MATERIAL PROVIDED:
━━━━━━━━━━
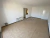 Venta departamento 3 ambientes con balcón y cochera cubierta. Lanús Este. Partido de Lanús.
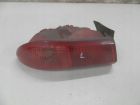LAMPA TYŁ LEWA 97-00 4D                                                 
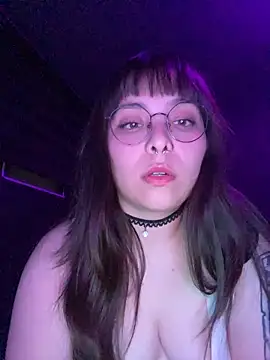 Solo yoss online show from 22, 2, 2026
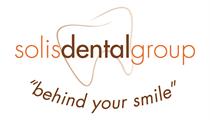 Solis Dental Group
━━━━━━━━━━
Retype the material above exactly, images excluded.

TASK SOLUTION:
 Venta departamento 3 ambientes con balcón y cochera cubierta. Lanús Este. Partido de Lanús.
LAMPA TYŁ LEWA 97-00 4D                                                 
 Solo yoss online show from 22, 2, 2026
 Solis Dental Group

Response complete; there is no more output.